The Oklahoma Family Tree sculpture with gold and silver leaves

This beautiful sculpture of three redbud trees is located just outside the Eleanor and John Kirkpatrick Research Center in the Oklahoma History Center. Each leaf of the Oklahoma Family Tree memorializes an Oklahoma family with the family surname, first name(s), and the town or county where they lived. In addition, a short family history is preserved in the digital family history book at the base of the tree. Sponsoring a leaf is a special way to recognize your family history and benefit future generations at the same time. To find out how to honor your own family with a leaf visit the Oklahoma Family Tree Project page.

Bynum Family

Family Tree Leaf
Bynum, James H.
Indianola, Pittsburg County

James H. Bynum was born on January 7, 1870, in Jackson County, Alabama. His family surname has its historical roots in the early seventeenth century and the settlement of Jamestown, Virginia. John Bynum was first listed in 1662 in the records of Surrey County, Virginia.

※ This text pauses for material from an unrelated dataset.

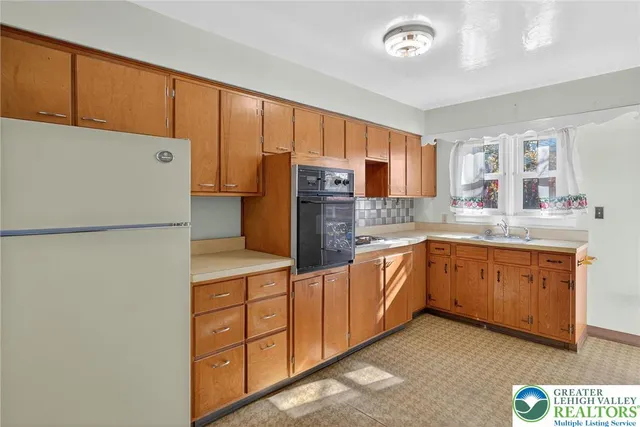 $235,000 | 148 West Brookdale Street, Allentown, PA 18103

John Bynum's descendants lived in Virginia until 1752. Like many families whose younger sons longed for frontier adventure, John's son, William, moved to North Carolina and then South Carolina, where he settled in 1791. William's son and James H. Bynum's great-grandson, Isaac, moved to Alabama, where his son, Isaac Newton, was born in 1842. Isaac Newton Bynum later married Cynthia Potter.

In the fall of 1889, their son, James Bynum, moved to Indian Territory and began a farming operation. In 1890 James started a small general merchandise business with an Alabama friend, Albert S. Cornelison, in the newly settled town of Indianola. Initially, Indianola's four businesses included two general merchandise and dry goods stores, a combined wagonyard and blacksmith shop, and a cotton gin. By 1874 James's uncle was living in the area. On July 2, 1893, James married Anna Decker, the daughter of Anderson and Margaret Decker.

In 1901 the Fort Smith and Western Railroad opened a line a mile north of the old town. The town moved to the new location, and James's merchandise business continued to expand. James served as Indianola's first postmaster and president of the Valley State Bank. He also operated a large general merchandise store and cotton gin and owned extensive farmland. He built a house in the new town in 1903. His mother-in-law lived with James and Anna until 1912, as her husband had died in 1902.

James's and Anna's first son, Fred, was born on March 23, 1894. He married Pearl McKnight and had one son, James, who died in 1934. Their second son, Elmer, was born on January 9, 1896. Elmer married Grace Dunagan and had one daughter, Anita Bynum, who married Robert Smith (a descendant of the Cherokee Watie-Boudinot family). Anita and Robert had one daughter, Suzanne, who married Marc Hirrel. James's and Anna's third son, Roy V. Sr., was born on June 26, 1903. He married Ola Dixon, and they had one daughter, Gwendolyn, who married Robert T. Hurst. Robert's father, Thurman, was a Chief Justice of the Oklahoma Supreme Court. Gwendolyn and Robert had one daughter, Sharon, who married Brad Nelson. Roy had one son, Roy V. Jr. After the death of their father in 1922, Fred ran the general merchandise store, Elmer operated the cotton gin, and Roy managed the farm.

The Bynum family home, along with related outbuildings, including a smokehouse, washhouse, carriage house, pump house, cellar (circa 1903), and a barn built in 1923, are part of the Bynum-Choate Museum. The Choate House, built in 1867, was moved from Choate Prairie. In 1854 the Choate Family moved from Mississippi. George Washington Choate, who built the house, was sheriff of Tobucksy County in the Choctaw Nation. He also served as a judge and was the last president of the Choctaw Senate. The Choate House was placed on the National Register of Historic Places. One of its rooms is furnished as it would have been in 1887; another room contains furnishings from about 1907. The barn houses a turn-of-the-century classroom, post office, telephone switchboard, railroad station bench, and items from a general store. An upstairs room is furnished to resemble an early Masonic temple.